En partenariat avec le ministère de la Santé publique, la Communauté urbaine a lancé mercredi une campagne pour recaser et soigner les personnes atteintes dans la ville.

Le maire de la ville de Yaoundé, Luc Atangana Messi veut éradiquer le phénomène des malades mentaux errants dans les rues de Yaoundé. Pour y parvenir, une campagne de sensibilisation communautaire pour la prise en charge des personnes atteintes de ces troubles a été lancée mercredi 5 mai dernier. Organisée en collaboration avec le ministère de la Santé publique (Minsanté), la campagne se tiendra jusqu’en décembre prochain. Concrètement il sera question d’identifier ces malades, de les recaser dans les centres hospitaliers agréés et ensuite les soigner.
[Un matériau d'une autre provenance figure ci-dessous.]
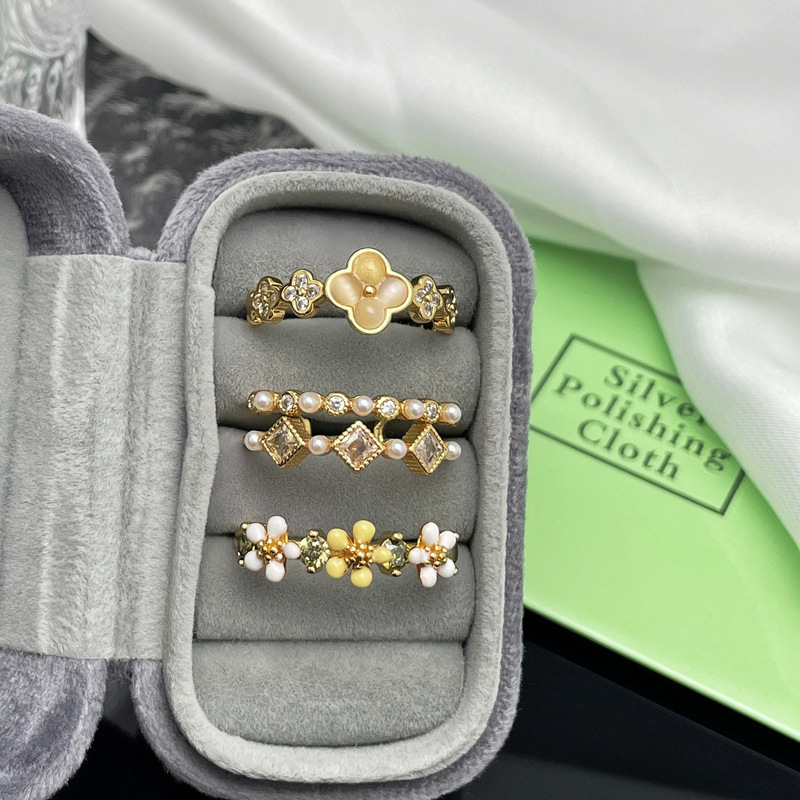 A high-end double-layer pearl-set open-mouth ring with a light luxury and niche feminine charm. A sweet and cool floral enamel index finger ring trend details Picture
Le Dr Laure Mengueme, sous-directeur de la santé mentale au Minsanté a invité les familles à s’y impliquer. « L’initiative de la Communauté urbaine de Yaoundé en collaboration avec le ministère de la Santé publique est louable. Mais il est important de signaler que le traitement n’est pas que médical, il est également psychologique et social. C’est pourquoi nous supplions les familles de nous accompagner dans cette campagne. Car sans elles, cette activité ne pourrait prendre forme », a proposé la responsable.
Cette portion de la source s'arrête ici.